* **Activity**
For the data below, restate word for word only the lines from the line containing "Cozy T2 - Lovely" through the line containing "Chapel Hill University Inn Exteriör bild", both ends included.

* **Entries shown**
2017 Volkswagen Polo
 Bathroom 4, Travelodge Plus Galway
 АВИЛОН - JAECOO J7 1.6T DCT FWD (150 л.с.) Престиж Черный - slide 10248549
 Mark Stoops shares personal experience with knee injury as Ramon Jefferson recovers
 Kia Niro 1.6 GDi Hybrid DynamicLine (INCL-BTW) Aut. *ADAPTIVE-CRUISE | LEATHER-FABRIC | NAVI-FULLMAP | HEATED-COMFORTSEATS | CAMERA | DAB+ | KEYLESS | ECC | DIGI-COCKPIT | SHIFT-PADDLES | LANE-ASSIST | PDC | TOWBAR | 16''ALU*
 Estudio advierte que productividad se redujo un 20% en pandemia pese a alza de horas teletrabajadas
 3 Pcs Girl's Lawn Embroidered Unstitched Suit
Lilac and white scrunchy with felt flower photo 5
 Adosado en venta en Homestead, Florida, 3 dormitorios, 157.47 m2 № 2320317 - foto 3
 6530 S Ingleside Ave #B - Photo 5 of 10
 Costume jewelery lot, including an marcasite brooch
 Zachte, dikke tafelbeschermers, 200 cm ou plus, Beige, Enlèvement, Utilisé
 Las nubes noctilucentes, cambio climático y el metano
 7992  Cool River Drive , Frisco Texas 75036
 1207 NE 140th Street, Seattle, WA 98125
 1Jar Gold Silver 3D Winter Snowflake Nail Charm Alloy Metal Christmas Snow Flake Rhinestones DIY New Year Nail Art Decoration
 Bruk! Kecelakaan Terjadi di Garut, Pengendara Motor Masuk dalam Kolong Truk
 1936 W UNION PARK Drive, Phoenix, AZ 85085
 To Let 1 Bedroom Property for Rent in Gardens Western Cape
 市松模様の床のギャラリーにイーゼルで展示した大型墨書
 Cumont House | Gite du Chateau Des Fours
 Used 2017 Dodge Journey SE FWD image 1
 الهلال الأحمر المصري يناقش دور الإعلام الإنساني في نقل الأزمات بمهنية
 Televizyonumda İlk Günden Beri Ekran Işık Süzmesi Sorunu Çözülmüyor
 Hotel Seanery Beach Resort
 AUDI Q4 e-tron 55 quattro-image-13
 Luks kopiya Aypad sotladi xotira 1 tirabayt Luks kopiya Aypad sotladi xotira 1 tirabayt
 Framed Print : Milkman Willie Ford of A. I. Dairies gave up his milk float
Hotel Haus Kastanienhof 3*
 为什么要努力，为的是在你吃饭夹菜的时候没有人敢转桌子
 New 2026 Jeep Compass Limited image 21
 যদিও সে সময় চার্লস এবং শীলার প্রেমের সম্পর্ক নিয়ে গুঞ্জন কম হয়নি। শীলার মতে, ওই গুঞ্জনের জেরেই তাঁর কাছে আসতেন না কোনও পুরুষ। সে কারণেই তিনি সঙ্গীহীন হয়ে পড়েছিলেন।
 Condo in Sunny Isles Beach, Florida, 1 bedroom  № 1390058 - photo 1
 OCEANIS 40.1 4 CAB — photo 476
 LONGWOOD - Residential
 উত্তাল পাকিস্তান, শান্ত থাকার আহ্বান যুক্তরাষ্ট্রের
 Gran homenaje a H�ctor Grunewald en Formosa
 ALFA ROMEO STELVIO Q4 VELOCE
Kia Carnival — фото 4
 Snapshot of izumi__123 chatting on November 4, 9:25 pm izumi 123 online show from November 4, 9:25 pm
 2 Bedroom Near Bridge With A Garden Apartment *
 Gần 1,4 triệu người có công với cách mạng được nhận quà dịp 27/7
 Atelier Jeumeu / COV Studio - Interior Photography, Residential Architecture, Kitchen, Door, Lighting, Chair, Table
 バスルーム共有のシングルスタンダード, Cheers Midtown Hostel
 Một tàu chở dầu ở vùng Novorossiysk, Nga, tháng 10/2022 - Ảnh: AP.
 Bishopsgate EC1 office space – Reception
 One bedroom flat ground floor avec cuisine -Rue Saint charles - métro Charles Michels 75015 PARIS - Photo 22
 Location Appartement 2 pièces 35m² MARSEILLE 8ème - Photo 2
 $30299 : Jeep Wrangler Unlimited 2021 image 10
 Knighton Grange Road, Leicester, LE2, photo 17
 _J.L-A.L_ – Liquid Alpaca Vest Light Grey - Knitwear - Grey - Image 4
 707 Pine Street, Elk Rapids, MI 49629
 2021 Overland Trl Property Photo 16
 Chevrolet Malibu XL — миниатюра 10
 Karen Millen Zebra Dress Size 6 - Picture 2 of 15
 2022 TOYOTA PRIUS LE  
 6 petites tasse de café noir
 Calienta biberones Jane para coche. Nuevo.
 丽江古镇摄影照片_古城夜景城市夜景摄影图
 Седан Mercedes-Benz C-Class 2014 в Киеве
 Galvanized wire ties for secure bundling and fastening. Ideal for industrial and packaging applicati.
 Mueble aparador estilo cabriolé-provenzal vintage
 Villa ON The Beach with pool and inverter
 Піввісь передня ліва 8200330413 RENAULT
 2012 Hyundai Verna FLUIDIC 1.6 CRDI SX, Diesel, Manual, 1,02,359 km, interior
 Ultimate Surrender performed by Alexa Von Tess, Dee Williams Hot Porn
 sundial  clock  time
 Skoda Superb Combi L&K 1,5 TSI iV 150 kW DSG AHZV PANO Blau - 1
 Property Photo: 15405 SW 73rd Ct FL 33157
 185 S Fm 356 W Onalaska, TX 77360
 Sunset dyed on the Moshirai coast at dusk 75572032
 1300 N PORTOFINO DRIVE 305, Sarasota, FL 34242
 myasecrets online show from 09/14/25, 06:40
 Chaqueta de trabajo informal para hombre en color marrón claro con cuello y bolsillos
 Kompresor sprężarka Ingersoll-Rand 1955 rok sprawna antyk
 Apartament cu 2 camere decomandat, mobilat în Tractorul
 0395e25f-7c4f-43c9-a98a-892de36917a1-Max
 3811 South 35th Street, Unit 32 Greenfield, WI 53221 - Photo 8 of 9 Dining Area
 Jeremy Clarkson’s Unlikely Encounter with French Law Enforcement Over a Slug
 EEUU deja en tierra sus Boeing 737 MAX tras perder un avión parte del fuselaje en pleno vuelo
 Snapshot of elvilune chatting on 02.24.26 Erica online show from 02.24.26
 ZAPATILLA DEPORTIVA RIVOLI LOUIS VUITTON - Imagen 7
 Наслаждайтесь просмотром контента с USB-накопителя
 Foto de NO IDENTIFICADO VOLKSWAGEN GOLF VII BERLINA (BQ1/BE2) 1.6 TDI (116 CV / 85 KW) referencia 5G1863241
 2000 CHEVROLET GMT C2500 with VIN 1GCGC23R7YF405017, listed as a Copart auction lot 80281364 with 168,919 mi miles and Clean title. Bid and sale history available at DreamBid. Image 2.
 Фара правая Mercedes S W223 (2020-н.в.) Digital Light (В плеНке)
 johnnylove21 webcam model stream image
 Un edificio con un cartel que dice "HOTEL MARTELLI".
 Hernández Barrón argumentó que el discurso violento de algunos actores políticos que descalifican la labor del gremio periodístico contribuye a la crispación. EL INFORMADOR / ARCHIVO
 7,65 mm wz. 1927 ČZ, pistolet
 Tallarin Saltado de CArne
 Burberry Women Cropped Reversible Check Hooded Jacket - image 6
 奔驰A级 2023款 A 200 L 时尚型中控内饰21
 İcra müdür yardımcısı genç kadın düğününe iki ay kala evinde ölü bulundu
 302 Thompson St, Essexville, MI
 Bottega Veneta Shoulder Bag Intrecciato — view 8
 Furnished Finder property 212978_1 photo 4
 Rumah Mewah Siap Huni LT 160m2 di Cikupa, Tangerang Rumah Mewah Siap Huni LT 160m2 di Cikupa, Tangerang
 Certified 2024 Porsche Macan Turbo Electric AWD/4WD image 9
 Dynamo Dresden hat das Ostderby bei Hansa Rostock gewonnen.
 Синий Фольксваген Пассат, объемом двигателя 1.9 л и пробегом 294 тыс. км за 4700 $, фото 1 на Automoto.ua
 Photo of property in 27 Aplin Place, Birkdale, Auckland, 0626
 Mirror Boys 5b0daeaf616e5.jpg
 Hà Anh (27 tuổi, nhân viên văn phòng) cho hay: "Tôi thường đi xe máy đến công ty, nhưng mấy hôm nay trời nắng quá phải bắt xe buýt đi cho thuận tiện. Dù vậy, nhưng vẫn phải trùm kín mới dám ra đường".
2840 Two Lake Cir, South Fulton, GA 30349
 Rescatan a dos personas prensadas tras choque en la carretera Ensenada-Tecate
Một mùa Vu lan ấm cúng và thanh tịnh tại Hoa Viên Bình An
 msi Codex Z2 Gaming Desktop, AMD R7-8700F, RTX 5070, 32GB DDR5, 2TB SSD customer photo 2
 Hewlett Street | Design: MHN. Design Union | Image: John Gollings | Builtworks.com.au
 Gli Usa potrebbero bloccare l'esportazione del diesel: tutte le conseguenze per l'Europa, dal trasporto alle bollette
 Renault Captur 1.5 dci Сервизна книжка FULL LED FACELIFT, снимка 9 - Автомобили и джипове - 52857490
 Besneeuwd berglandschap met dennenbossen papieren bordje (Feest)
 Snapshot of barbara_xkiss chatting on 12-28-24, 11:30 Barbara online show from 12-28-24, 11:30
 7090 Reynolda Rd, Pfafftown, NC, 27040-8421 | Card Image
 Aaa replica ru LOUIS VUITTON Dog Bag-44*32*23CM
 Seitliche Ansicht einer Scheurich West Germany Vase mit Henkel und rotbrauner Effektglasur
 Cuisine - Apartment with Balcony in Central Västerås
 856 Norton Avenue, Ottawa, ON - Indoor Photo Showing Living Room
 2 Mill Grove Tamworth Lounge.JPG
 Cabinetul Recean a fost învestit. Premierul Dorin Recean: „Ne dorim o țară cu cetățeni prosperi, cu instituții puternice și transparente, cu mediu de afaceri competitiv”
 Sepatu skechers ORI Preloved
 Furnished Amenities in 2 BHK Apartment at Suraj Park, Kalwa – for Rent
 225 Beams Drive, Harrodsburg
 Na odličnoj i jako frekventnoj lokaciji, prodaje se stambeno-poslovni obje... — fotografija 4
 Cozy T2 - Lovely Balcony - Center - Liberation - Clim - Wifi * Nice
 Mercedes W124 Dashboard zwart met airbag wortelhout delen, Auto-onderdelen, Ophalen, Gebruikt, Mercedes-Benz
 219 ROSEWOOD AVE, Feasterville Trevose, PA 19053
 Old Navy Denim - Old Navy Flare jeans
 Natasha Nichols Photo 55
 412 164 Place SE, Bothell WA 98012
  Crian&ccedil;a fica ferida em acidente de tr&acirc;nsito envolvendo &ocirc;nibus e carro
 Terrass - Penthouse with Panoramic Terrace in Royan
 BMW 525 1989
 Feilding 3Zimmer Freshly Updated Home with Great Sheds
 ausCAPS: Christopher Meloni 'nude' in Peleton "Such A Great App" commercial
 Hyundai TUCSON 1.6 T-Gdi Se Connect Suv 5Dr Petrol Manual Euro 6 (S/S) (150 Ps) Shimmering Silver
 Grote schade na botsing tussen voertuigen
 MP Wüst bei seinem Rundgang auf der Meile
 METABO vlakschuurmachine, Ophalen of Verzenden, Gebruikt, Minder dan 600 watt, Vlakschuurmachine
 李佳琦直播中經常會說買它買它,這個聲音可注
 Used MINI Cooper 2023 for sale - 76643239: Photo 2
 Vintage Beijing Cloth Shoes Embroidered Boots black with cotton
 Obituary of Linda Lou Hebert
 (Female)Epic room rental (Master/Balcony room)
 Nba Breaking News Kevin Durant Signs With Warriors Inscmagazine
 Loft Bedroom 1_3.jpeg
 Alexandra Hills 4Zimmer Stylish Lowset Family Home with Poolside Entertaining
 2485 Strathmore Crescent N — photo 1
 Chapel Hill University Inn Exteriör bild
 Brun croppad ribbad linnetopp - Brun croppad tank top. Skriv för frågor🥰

* **Response**
 Cozy T2 - Lovely Balcony - Center - Liberation - Clim - Wifi * Nice
 Mercedes W124 Dashboard zwart met airbag wortelhout delen, Auto-onderdelen, Ophalen, Gebruikt, Mercedes-Benz
 219 ROSEWOOD AVE, Feasterville Trevose, PA 19053
 Old Navy Denim - Old Navy Flare jeans
 Natasha Nichols Photo 55
 412 164 Place SE, Bothell WA 98012
  Crian&ccedil;a fica ferida em acidente de tr&acirc;nsito envolvendo &ocirc;nibus e carro
 Terrass - Penthouse with Panoramic Terrace in Royan
 BMW 525 1989
 Feilding 3Zimmer Freshly Updated Home with Great Sheds
 ausCAPS: Christopher Meloni 'nude' in Peleton "Such A Great App" commercial
 Hyundai TUCSON 1.6 T-Gdi Se Connect Suv 5Dr Petrol Manual Euro 6 (S/S) (150 Ps) Shimmering Silver
 Grote schade na botsing tussen voertuigen
 MP Wüst bei seinem Rundgang auf der Meile
 METABO vlakschuurmachine, Ophalen of Verzenden, Gebruikt, Minder dan 600 watt, Vlakschuurmachine
 李佳琦直播中經常會說買它買它,這個聲音可注
 Used MINI Cooper 2023 for sale - 76643239: Photo 2
 Vintage Beijing Cloth Shoes Embroidered Boots black with cotton
 Obituary of Linda Lou Hebert
 (Female)Epic room rental (Master/Balcony room)
 Nba Breaking News Kevin Durant Signs With Warriors Inscmagazine
 Loft Bedroom 1_3.jpeg
 Alexandra Hills 4Zimmer Stylish Lowset Family Home with Poolside Entertaining
 2485 Strathmore Crescent N — photo 1
 Chapel Hill University Inn Exteriör bild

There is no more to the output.